Italian researchers have achieved a groundbreaking success in the fight against high cholesterol, a common risk factor for heart disease. Using a new technique, scientists were able to ‘turn off’ the gene responsible for high cholesterol in mice without modifying the DNA sequence, resulting in a long-lasting effect that remained active for about a year.
The study, published in the journal Nature, was led by the San Raffaele Telethon Institute for Gene Therapy in Milan, in collaboration with the University of Eastern Piedmont and other research institutions. This innovative approach to gene therapy could have far-reaching implications for the treatment of other diseases as well.
The researchers focused their efforts on the Pcsk9 gene, which plays a key role in regulating cholesterol levels in the blood.
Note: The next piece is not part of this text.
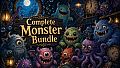 Complete Monster Bundle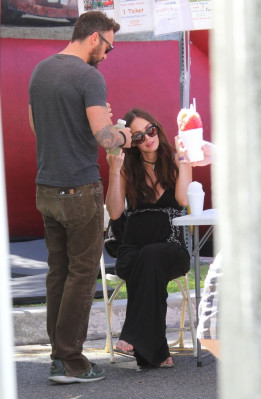 Megan Fox pic #865123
By targeting this gene, which is linked to familial hypercholesterolemia, a rare genetic condition that increases the risk of heart disease at a young age, the team was able to achieve significant results.
Rather than directly modifying the DNA sequence, the researchers developed molecules designed to recognize and switch off the Pcsk9 gene by modifying the epigenome, the set of molecules that control gene expression without altering the DNA. These molecules were then encapsulated in nanoparticles and delivered to the liver, where they successfully silenced the gene in mice with just one administration.
The success of this study opens up new possibilities for the development of novel therapies for hypercholesterolemia and other liver-related disorders. By demonstrating the effectiveness of this technique in live animals, the researchers have paved the way for potential treatments for a wide range of conditions, including hepatitis B and central nervous system disorders.
This innovative approach to gene therapy offers potential advantages over traditional methods, as it can be administered once in a lifetime, does not carry the risk of DNA mutations, and is potentially reversible. The promising results of this study highlight the potential of epigenetic silencing as a valuable tool in the fight against various diseases, bringing hope for improved treatments in the future.